Who is Jesus? – Matthew’s genealogy of Jesus.

Tom Faletti

February 13, 2024

Matt. 1:1 Who is this Gospel about?


How does Matthew identify or describe the chief character of his story?


What do each of these terms mean: Jesus, Messiah, son of David, and son of Abraham?  Why is each term important to Matthew or significant to the Jews or early Christians?  Let’s look at each one.


Jesus: Greek for the Hebrew name Joshua (Yeshua), which in Hebrew means “God saves,” or “Jehovah (Yahweh) is salvation,” or “Yahweh, save [us]!”.


Why is this identification important for Matthew’s Gospel and for us?


Messiah: Hebrew for “Anointed One”; Christ, from the Greek Christos, has the same meaning).  Special people were anointed, usually kings and priests; but the “Messiah” took on a greater connotation of a savior of some kind.


Why is this identification of Jesus important for Matthew’s Gospel and for us?


Sneak peak: You are probably familiar with the story of the key turning point when Peter first recognizes that Jesus is the Messiah, which is told in Matt. 16:16.


Son of David: The Jews expected that they would find relief from foreign occupation and domination when David’s throne was restored.  God had told David that a descendant of his would be on the throne forever.


Why is this identification of Jesus important for Matthew’s Gospel and for us?


  • Consider Isaiah 9:2-7; see verse 7: “there shall be endless peace / for the throne of David and his kingdom.” (NRSV)

  • Consider Isaiah 11:1-9; see verse 1: “a shoot shall come out from the stump of Jesse” (NRSV) – Jesse was David’s father.

  • Consider Jeremiah 33:14-17; see verse 15: “I will cause a righteous Branch to spring up for David; and he shall execute justice and righteousness in the land” (NRSV), and verse 17: “David shall never lack a man to sit on the throne of the house of Israel” (NRSV).


Sneak peak: The term “Son of David” will be used by people who were healed by Jesus and by people in Jerusalem when he entered the city on the first day of his last week on Earth, so it takes on important significance as his crucifixion nears.


Son of Abraham: God made the Jewish people’s original covenant with Abraham, and all Jews trace their lineage from him (whereas not all are from the house of David).


Why is this identification of Jesus important for Matthew’s Gospel and for us?


David was only one part of one of the 12 tribes of Israel.  Abraham was the father of the entire Jewish people.
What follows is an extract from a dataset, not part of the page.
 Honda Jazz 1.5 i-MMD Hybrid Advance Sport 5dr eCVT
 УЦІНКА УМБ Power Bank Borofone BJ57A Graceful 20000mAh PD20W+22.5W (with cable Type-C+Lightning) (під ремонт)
Muslims also see their lineage going back to Abraham, but it goes further than that. Through Abraham, all people were to be blessed, not just Abraham’s children:


  • Gen. 12:2-3: “I will make of you a great nation, and . . . in you all the families of the earth shall be blessed” (NRSV).

  • After Abraham shows his willingness to sacrifice Isaac: Gen. 22:17-18: “I will make your offspring as numerous as the stars of heaven and as the sand that is on the seashore. And . . . by your offspring shall all the nations of the earth gain blessing for themselves” (NRSV).


Pick one of these identifications of Jesus and explain why it is important to you or has special meaning for you.


Matt. 1:2-17 Jesus’s genealogy


What names or other features of this genealogy stand out for you?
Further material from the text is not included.